WHAT YOU SHOULD DO - Please repeat exactly, and only, the lines from the one containing "Carino Pratico Jordan" through the end of the records below, with no pictures.

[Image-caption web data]
•••

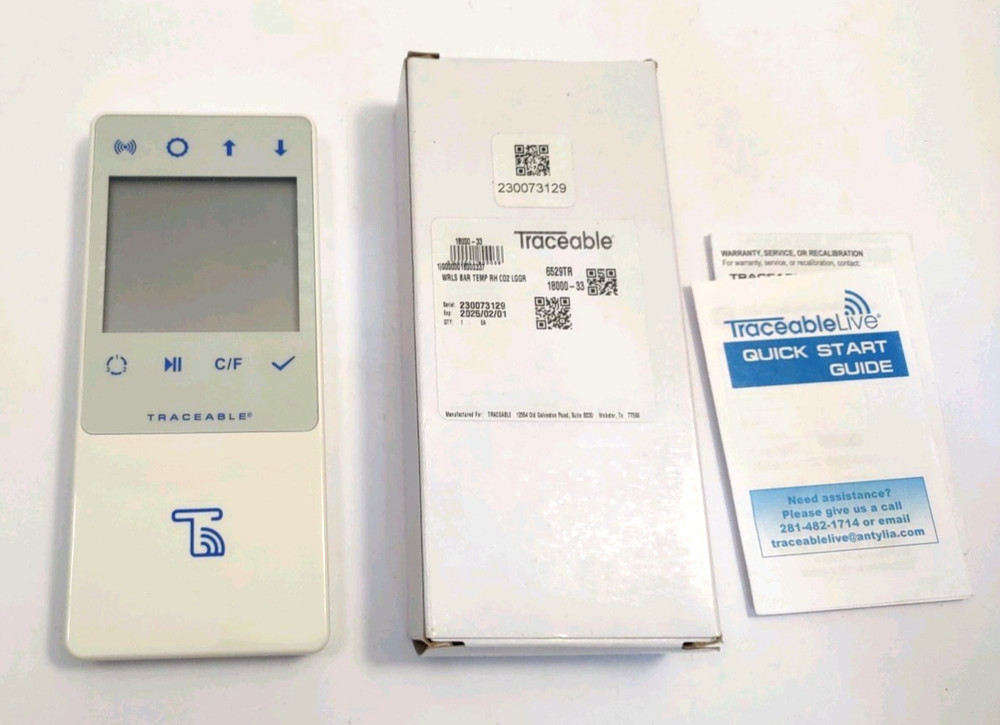Traceable 6529 Wi-Fi Data-Logging Barometer 6529TR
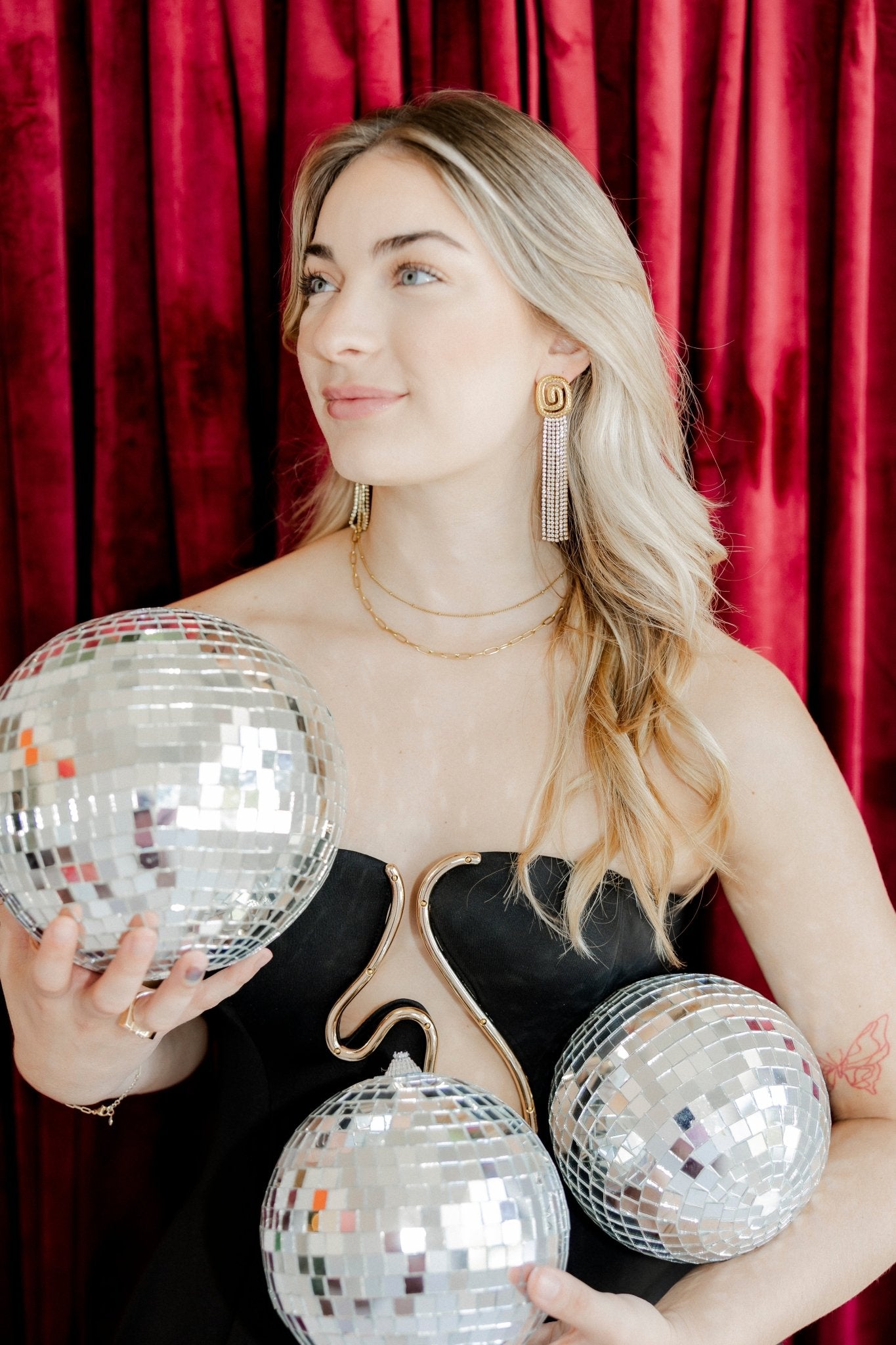 Athena Statement Earrings - Shop LINNY CO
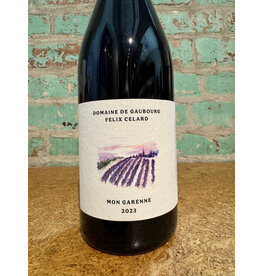 Wines DME DE GAUBOURG FELIX CELARD 'LES GARENNES' GROLLEAU NOIR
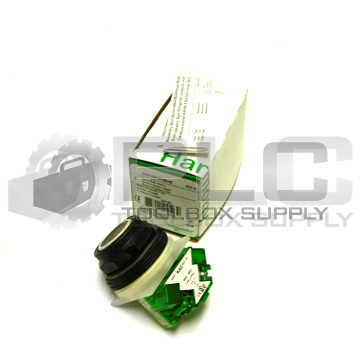 NEW SCHNEIDER ELECTRIC 9001SKR1BH5 BLACK PUSH BUTTON
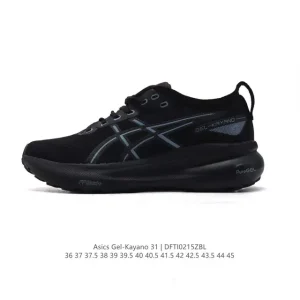 ASICS Gel-Kayano 31 Men's and Women's Thick Sole Running Shoes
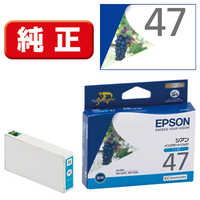 EPSON インクカートリッジ ICBK47 ICC47 ICM47 ICY47 ICLC47 ICLM47 IC6CL47相当 純正品 6色8個セット IC6CL47 36個セット（ICBK47 ICC47 ICM47 ICY47 ICLC47 ICLM47×6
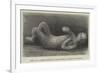 Body of a Child Found in Excavating a Street in Pompeii-null-Framed Giclee Print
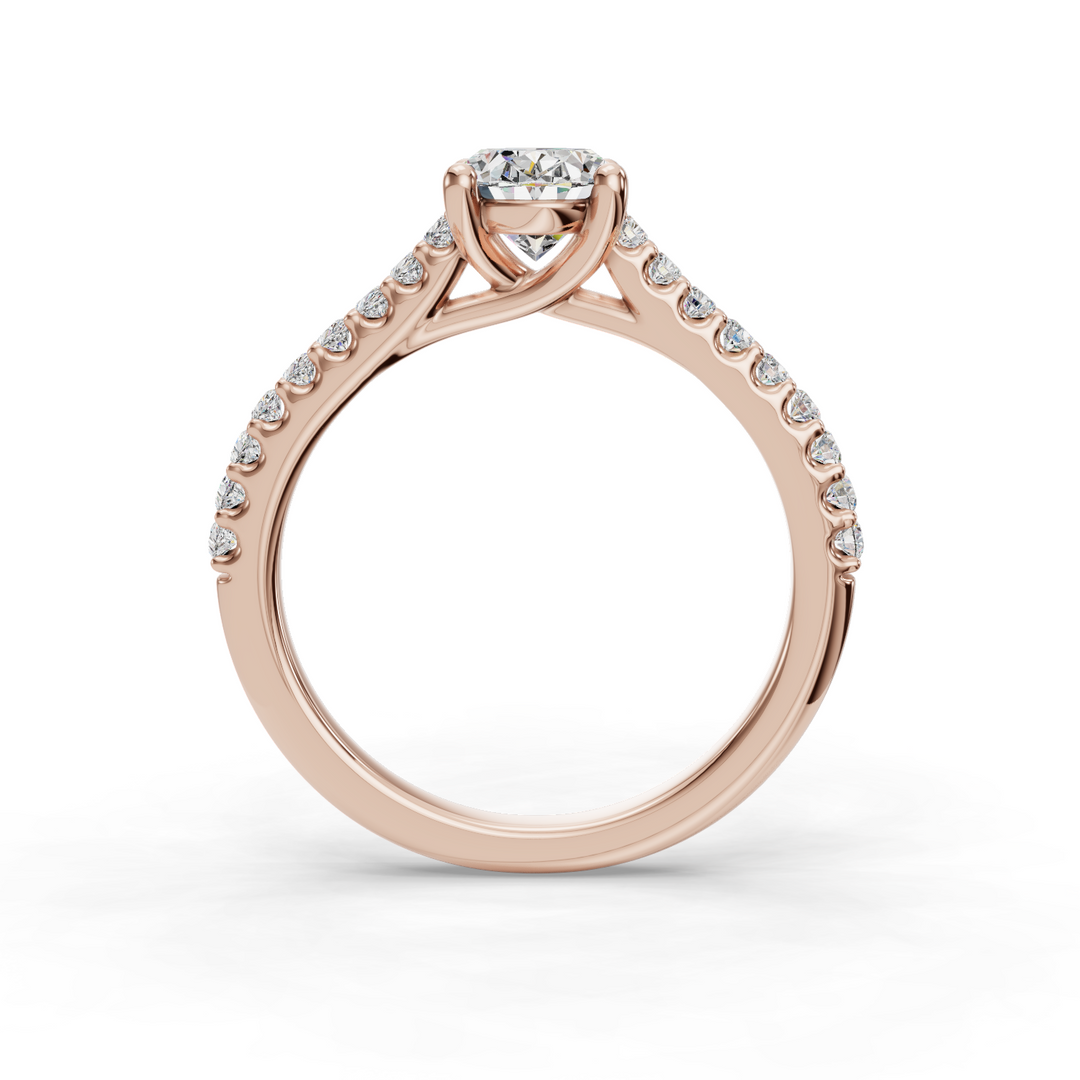 Engagement Ring ERSM0042-1.00RB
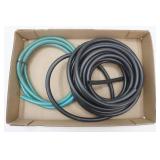 rubber & poly tubing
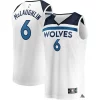 Carino Pratico Jordan McLaughlin Minnesota Timberwolves Youth Fast Break Replica Player Jersey Association Edition White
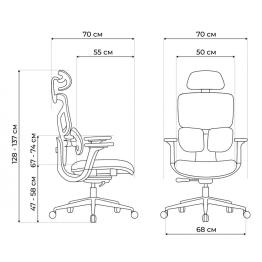 Компьютерное кресло Samur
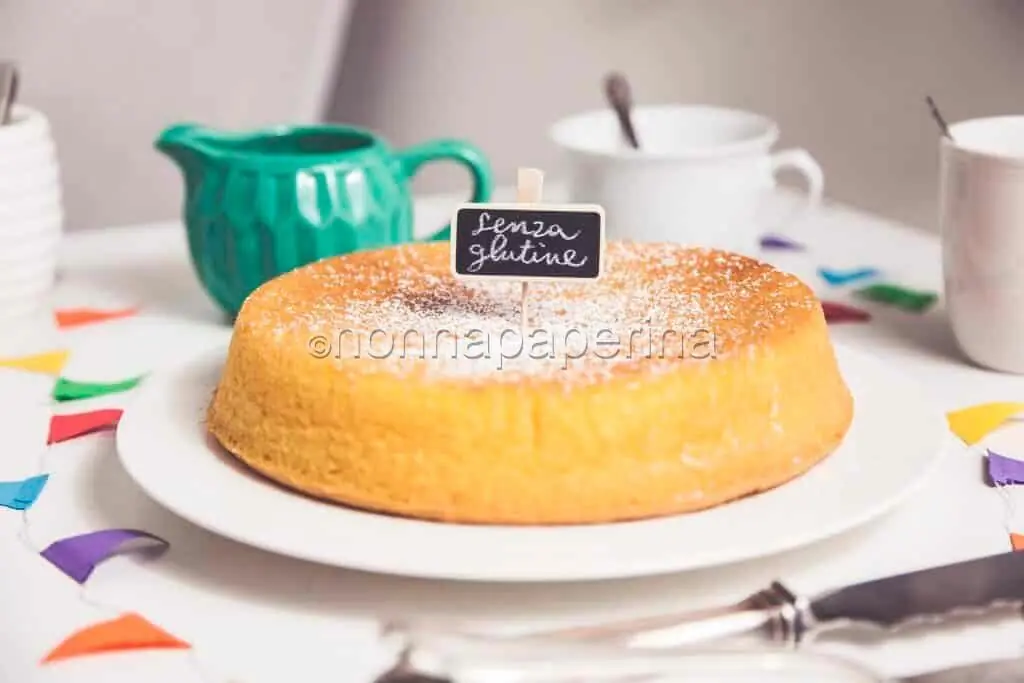 Pan di Spagna senza glutine: 3 cose da sapere!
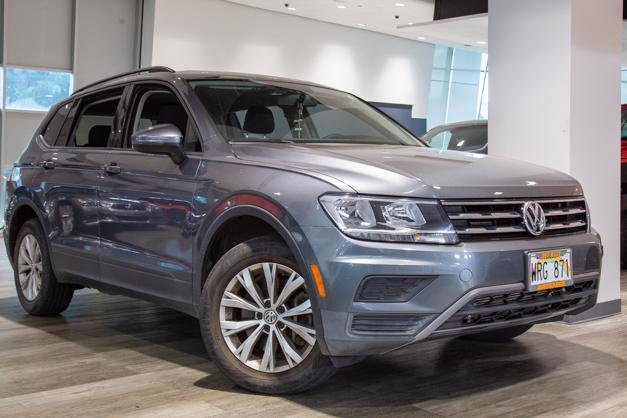 2019 volkswagen tiguan 2.0t s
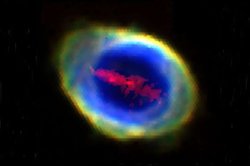 Halka Bulutsusu’nda Gizemli Demir Çubuk Keşfedildi: Astronomlar Kökenini Araştırıyor.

•••

FINISHED TASK -
 Carino Pratico Jordan McLaughlin Minnesota Timberwolves Youth Fast Break Replica Player Jersey Association Edition White
 Компьютерное кресло Samur
 Pan di Spagna senza glutine: 3 cose da sapere!
 2019 volkswagen tiguan 2.0t s
 Halka Bulutsusu’nda Gizemli Demir Çubuk Keşfedildi: Astronomlar Kökenini Araştırıyor.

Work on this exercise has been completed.